January 12, 2013

To coach or not to coach.

Do I have an opinion on who should be the next head coach of the Philadelphia Eagles? Well, I am a living, breathing Philly sports fan...

I like Gus Bradley's defense in Seattle. By far the leader in points allowed (28 less than San Francisco) and fourth in yards allowed (behind only Pittsburgh, Denver and the 49ers), the Seahawks looked like a top-5 team throughout the second half of the 2012 season. Much of that was thanks to their defense. Seattle's Week 16 thrashing of the aforementioned 49ers, in particular, was one of the more striking games of the year.

But everything I've read indicates that the Eagles prefer an offensive-minded coach at the top position and a defensive coordinator who runs his own side of the ball, mirroring the Andy Reid-Jim Johnson dynamic of years past. Bradley is also Reuben Frank's top choice, but we've seen many times over that the hot assistant doesn't always make the best coach.

I like Mike McCoy's offense in Denver. Sure, he's lucked into Peyton Manning, but what really impresses me is how flexible he was with Tim Tebow last year. They didn't put up flashy numbers; in fact, most of the time they could barely move the ball. But this is the same Tim Tebow who couldn't beat out the abhorrent Mark Sanchez in New York. My takeaway is that McCoy played to his quarterback's strengths, putting a simplified system in place that worked well enough to keep them afloat.

Reid, in contrast, is the kind of coach who molds quarterbacks to his system. Donovan McNabb and Michael Vick, for better or worse, were shaped into pocket passers. This is probably a smarter plan when it comes to sustained success, but as the Vick experiment showed, it can also blow up in your face.

Of course, McCoy isn't some radical who's changing the game. He just recognized some glaring limitations and found a way to (mostly) overcome them. One of the things that felled Reid was his hubris, his insistence in jamming square pegs into round holes. A head coach with some flexibility and self-awareness; that's intriguing.

I like Brian Kelly's...well, I don't really like Brian Kelly. It seems ballsy to hire a head coach with zero NFL experience, even if Jason Kelce likes him. I also don't follow college football very closely, so I'm not sure how relevant my opinion might be.

In fact, I'm sure it's worthless across the board. Most of them are. Everyone loves to freak out over a head coaching search, and to a certain extent that's understandable. It's a lot of fun to go over the pros and cons of these guys and argue about how suitable (or unsuitable) they might be for such a lofty position.

But we don't know a damn thing. We see 1% of what's happening on the field, and zero of what's happening off it. That doesn't mean you have to nod your head and go with the flow; for example, the Cleveland Browns going from Chip Kelly to Carolina's offensive coordinator (19th in points scored) should make all of us point our fingers and laugh. I just hate to see fans puff themselves up and act like experts. Judge the eventual decision and its aftermath accordingly, but don't act like you knew better all along.

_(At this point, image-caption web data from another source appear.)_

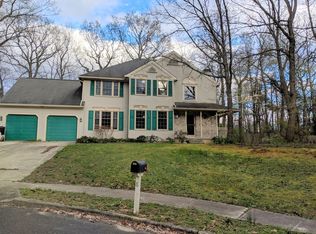 8 Goats Hill Rd, Sicklerville, NJ 08081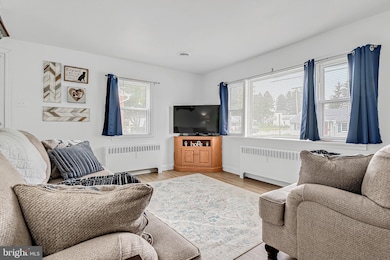 733 W Oak St, Palmyra, PA 17078 - photo 6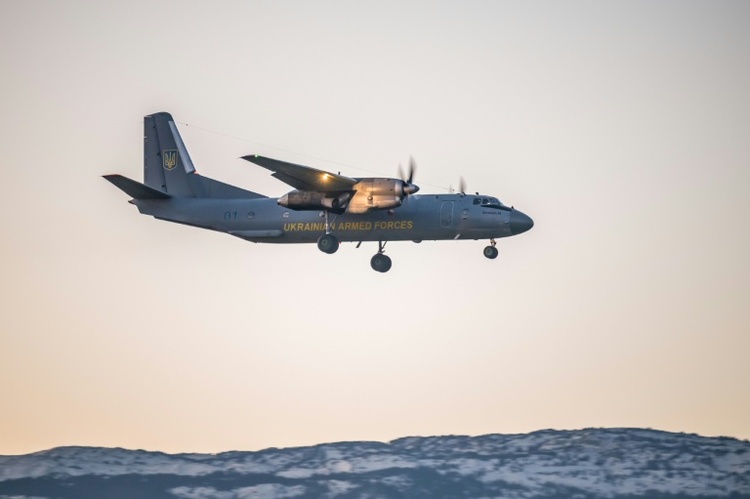 Russisches Militärflugzeug über der Krim abgestürzt - Alle 29 Insassen tot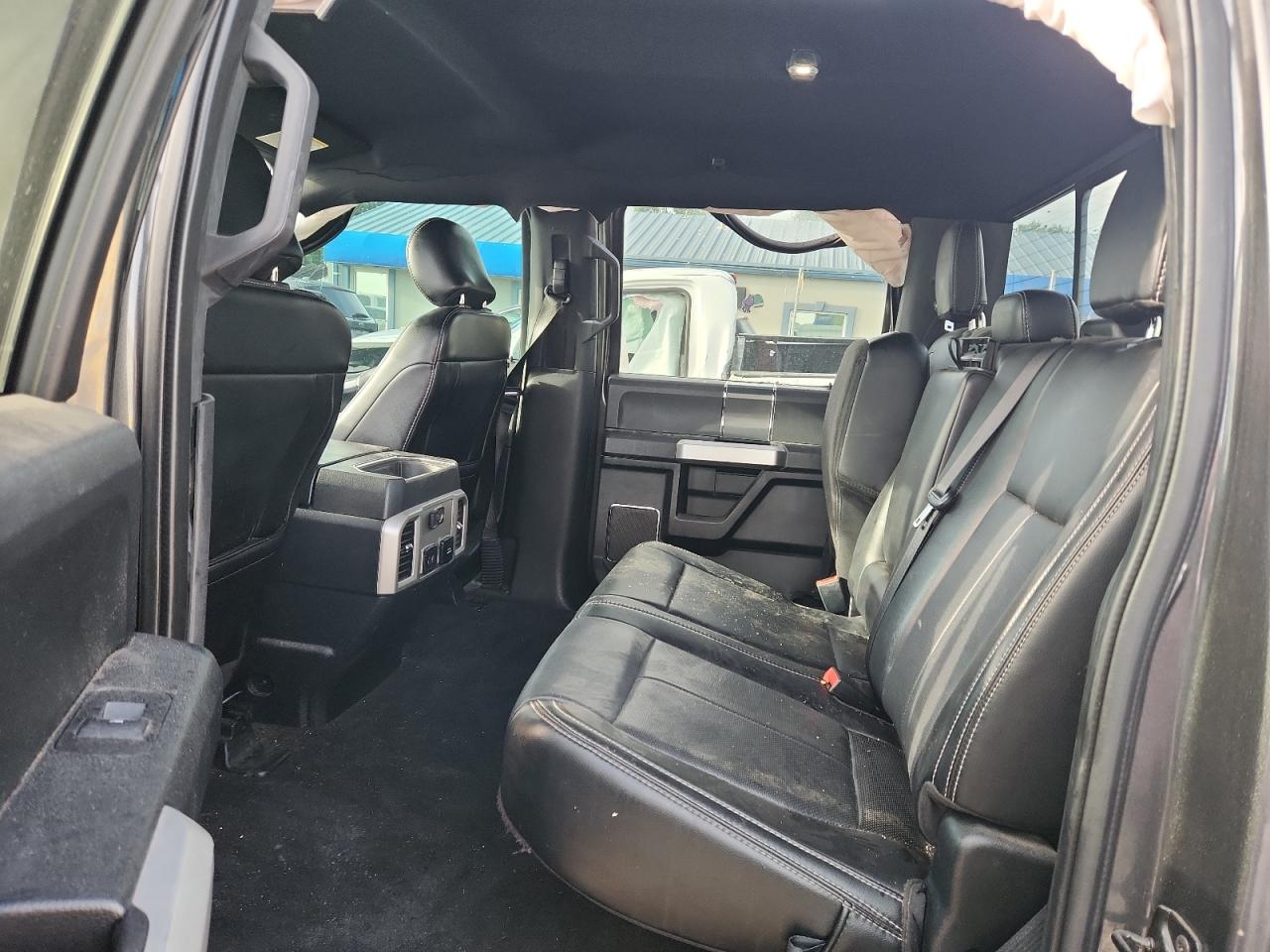 Ford F-150 Supercrew Image 10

Speaking of the decision itself: Jeffrey Lurie has implied that he's looking for an innovator as his next coach, which explains the numerous interviews with coordinators and college coaches, along with the (seeming) lack of interest in Jon Gruden and the other veteran retreats.

And that makes sense to me. There's a lot of talent (I hope) still on this roster, but most of it is in desperate need of reorganization and reshaping. Name coaches can come with a lot of baggage, and there'd be a sort of "win now" mentality attached to such a hire; you're not paying a well-known guy millions upon millions of dollars to assist in a massive rebuild. Even though Philly fans are (understandably) hungry to win again, that kind of mindset would not be beneficial for this organization.

In retrospect, it seems obvious that the Eagles have been employing a "throw a bunch of good-sounding shit at the wall and see what sticks" strategy over the last few years. But winning a championship isn't about having the finest looking roster in September, or making the most headlines in the offseason. Honestly, what works best is probably the Andy Reid plan of the early years: Put a solid team on the field, aim to make the playoffs every year and hope a bunch of the late-season bounces go your way.

Unfortunately, the bounces never really went the Eagles' way. And Reid's eventual big moves, designed to put the team over the top, were ultimately misguided (Vick, Terrell Owens) and too little, too late. A desire to get back to basics -- to fundamentals and a fresh outlook and a disciplined, well-run football team -- sounds like exactly what the Philadelphia Eagles need.

So who's the best man for that job? Hell if I know; Bradley and McCoy both probably deserve somebody's top spot. In the end, all we can do is hope the people who are paid to know choose wisely.